Data Exploration with Python, Part 2

Preparing Your Data to be Explored

Tony Ojeda
District Insights
15 min readJan 3, 2018

--

This is the second post in our Data Exploration with Python series. Before reading this post, make sure to check out Data Exploration with Python, Part 1!

Mise en place (noun): In a professional kitchen, the disciplined organization and preparation of equipment and food before service begins.

When performing exploratory data analysis (EDA), it is important to not only prepare yourself (the analyst) but to prepare your data as well. As we discussed in the previous post, a small amount of preparation will often save you a significant amount of time later on.
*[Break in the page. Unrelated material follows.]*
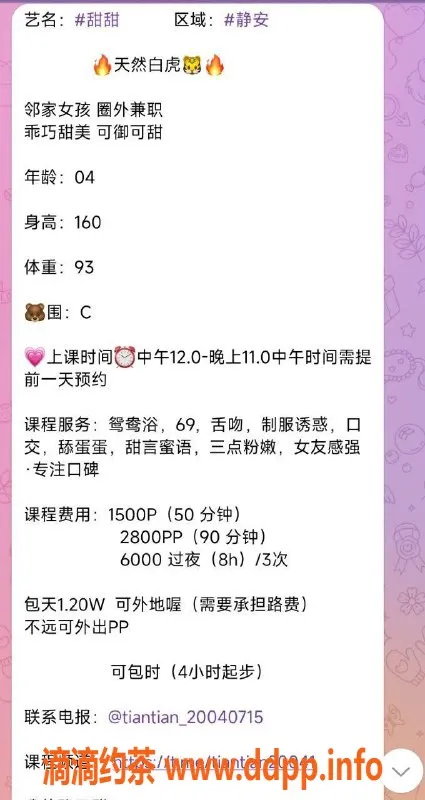 上海楼凤-静安甜甜，1500元超值体验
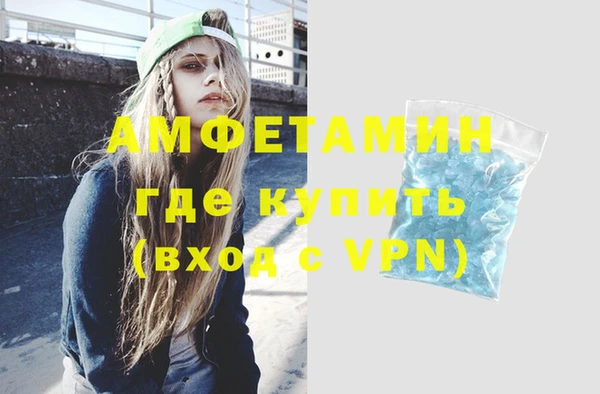 МДПВ Майский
So let’s review where we should be at this point and then continue our exploration process with data preparation.

In Part 1 of this series, we were introduced to the data exploration framework we will be using. As a reminder, here is what that framework looks like.
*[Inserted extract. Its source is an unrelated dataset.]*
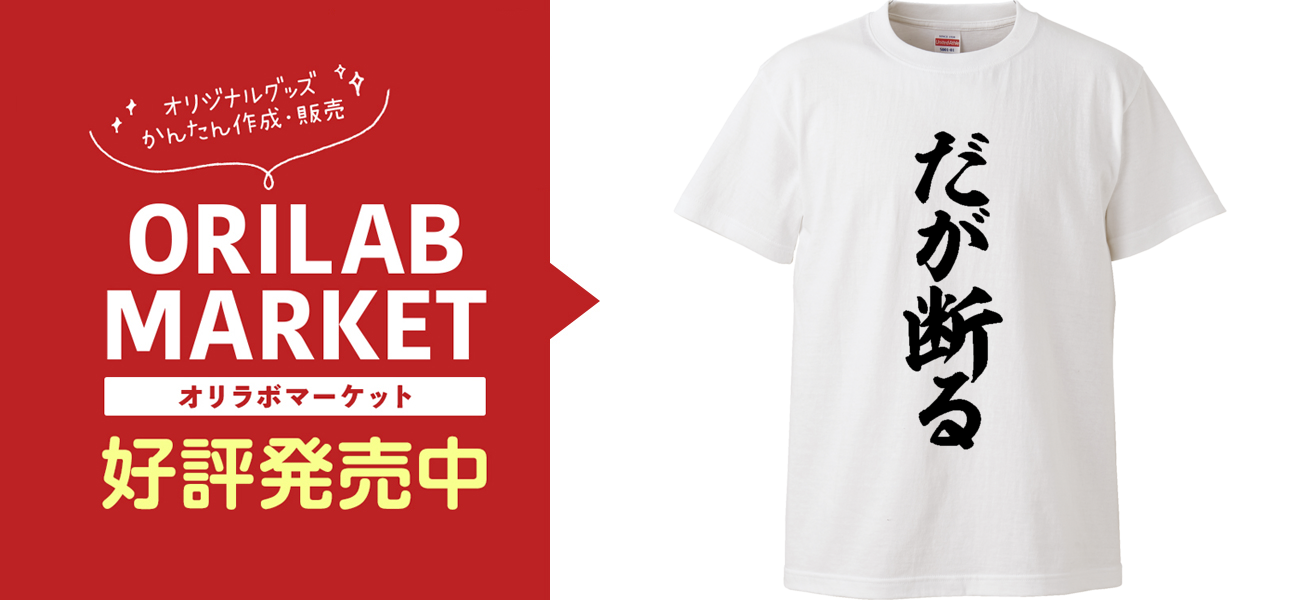 だが断るハイクオリティーTシャツの商品購入ページ｜クリエイターの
We also introduced the example data set we are going to be using to illustrate the different phases and stages of the framework. Here is what that looks like.
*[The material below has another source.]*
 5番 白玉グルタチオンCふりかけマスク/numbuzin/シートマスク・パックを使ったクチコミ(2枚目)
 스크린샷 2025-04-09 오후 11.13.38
We then familiarized ourselves with our data set by identifying the types of information and entities encoded within it. We also reviewed several data transformation and visualization methods that we will use later to explore and analyze it. Now we are at the last stage of the framework’s Prep Phase, the Create stage, where our goal will be to create additional categorical fields that will make our data easier to explore and allow us to view it from new perspectives.

Renaming Columns to be More Intuitive

Before we dive in and start creating categories, however, we have an opportunity to improve our categorization efforts by examining the columns in our data and making sure their labels intuitively convey what they represent. Just as with the other aspects of preparation, changing them now will save us from having to remember what displ or co2TailpipeGpm mean when they show up on a chart later. In my experience, these small, detail-oriented enhancements to the beginning of your process usually compound and preserve cognitive cycles that you can later apply to extracting insights.

We can use the code below to rename the columns in our vehicles data frame.

Thinking About Categorization

Now that we have changed our column names to be more intuitive, let’s take a moment to think about what categorization is and examine the categories that currently exist in our data set. At the most basic level, categorization is just a way that humans structure information — how we hierarchically create order out of complexity. Categories are formed based on attributes that entities have in common, and they present us with different perspectives from which we can view and think about our data.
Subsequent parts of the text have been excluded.